Plus loin sont accrochés deux tirages de Sara Lucas. On ne peut qu’y deviner l’artiste (sa tête n’apparaît pas). Comme souvent chez elle, ses œuvres sont ostentatoirement suggestives. Mais les suggestions sont clairement construites par l’artiste ; elles se rapportent à ce que les visiteurs connaissent d’elle, de ses engagements, de ses provocations. Ici un pistolet en plastique glissé dans son pantalon, là, une posture évocatrice ; habillée d’un juste au corps blanc, l’artiste ouvre les jambes sur sa braguette ouverte.

À leurs côtés les peintures de Louis-Philippe Côté associent flou poudreux et formes découpées au scotch ce qui provoque des ruptures saisissantes dans la composition des tableaux. On y verrait presque des collages. Mais rien dans la narration ne vient corroborer ce sentiment, l’atmosphère guerrière et violente, banale, nous ramène les pieds sur terre.

Servez vous est une installation de Kesso Line Saulnier. Elle se construit autour d’un tas de vêtements trouvés. À lire la pancarte il n’y a qu’à se pencher et choisir celui que l’on veut emmener. Mais le bras du visiteur est retenu par le strict recensement affiché en face de la pile de linge. Chacun d’entre eux y est décrit et numéroté selon un protocole établi. Ces fripes sont à la fois abandonnées et chiffonnées, rationnalisées et répertoriées. S’il devait n’en manquer qu’un seul cela se verrait immédiatement.

Plus loin, Floor area of musique plus: 99 x 81 feet de Sheena Hoszko est une bâche en papier kraft roulée et pliée sur elle-même.

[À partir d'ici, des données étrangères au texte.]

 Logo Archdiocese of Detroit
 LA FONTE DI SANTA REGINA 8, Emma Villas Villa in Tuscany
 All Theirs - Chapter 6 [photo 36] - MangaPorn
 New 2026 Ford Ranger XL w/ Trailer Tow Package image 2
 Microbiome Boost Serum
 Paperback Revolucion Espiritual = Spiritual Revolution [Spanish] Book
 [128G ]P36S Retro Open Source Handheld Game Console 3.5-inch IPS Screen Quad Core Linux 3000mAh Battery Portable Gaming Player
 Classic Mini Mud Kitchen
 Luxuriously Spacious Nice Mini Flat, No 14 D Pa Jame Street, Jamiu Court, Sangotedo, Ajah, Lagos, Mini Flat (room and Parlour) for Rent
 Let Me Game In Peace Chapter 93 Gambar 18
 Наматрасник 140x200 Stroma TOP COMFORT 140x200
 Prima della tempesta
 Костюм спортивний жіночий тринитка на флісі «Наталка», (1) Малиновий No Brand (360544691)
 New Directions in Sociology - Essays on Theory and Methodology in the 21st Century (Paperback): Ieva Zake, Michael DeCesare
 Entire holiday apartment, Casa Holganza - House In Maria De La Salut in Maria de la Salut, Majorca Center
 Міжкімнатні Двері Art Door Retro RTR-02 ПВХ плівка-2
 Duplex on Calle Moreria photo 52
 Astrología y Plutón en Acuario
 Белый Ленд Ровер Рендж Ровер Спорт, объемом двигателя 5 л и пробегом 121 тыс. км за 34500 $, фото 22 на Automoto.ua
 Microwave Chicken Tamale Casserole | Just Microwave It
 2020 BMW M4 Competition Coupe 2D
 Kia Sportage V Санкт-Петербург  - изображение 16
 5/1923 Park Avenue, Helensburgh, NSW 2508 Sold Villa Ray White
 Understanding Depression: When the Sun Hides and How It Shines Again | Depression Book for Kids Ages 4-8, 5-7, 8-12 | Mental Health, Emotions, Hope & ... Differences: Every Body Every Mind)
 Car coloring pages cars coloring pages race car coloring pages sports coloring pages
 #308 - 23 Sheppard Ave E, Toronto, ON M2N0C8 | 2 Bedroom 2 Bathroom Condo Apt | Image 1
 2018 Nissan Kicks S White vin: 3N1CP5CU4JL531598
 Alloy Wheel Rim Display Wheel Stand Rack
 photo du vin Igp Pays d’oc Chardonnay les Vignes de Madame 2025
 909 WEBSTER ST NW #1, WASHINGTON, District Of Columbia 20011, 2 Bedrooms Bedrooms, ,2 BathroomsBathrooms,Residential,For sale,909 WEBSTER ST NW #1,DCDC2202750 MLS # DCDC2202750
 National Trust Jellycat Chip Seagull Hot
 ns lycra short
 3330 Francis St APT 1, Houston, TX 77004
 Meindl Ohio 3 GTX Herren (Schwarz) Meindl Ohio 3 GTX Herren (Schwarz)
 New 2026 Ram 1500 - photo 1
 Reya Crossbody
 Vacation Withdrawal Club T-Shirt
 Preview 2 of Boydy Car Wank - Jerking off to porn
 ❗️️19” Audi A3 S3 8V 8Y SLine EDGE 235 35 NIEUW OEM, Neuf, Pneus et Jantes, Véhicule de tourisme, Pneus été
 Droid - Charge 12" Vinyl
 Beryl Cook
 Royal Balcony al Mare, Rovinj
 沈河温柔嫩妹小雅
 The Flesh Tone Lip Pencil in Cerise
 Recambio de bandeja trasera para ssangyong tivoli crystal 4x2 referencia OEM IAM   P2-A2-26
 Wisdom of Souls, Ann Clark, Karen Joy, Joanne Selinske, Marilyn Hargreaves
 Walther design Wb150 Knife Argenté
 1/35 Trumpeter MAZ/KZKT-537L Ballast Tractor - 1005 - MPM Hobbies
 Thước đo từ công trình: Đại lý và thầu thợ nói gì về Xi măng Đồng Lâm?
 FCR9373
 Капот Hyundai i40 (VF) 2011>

En voyant ces multiples circonvolutions on comprend qu’une fois étendue elle recouvre une grande surface. Mais pour le moment on ne peut que l’imaginer. On devine néanmoins que l’on y a dansé. Par endroits les foulées ont laissées des traces, le papier est déchiré et rapiécé. Pour peu que quelqu’un allume le son cette piste de fortune est prête à l’emploi. Une sorte de métaphore de l’art contemporain à l’usage des visiteurs. L’art étant toujours prêt à l’emploi, pour peu que l’on décide d’y mettre le doigt.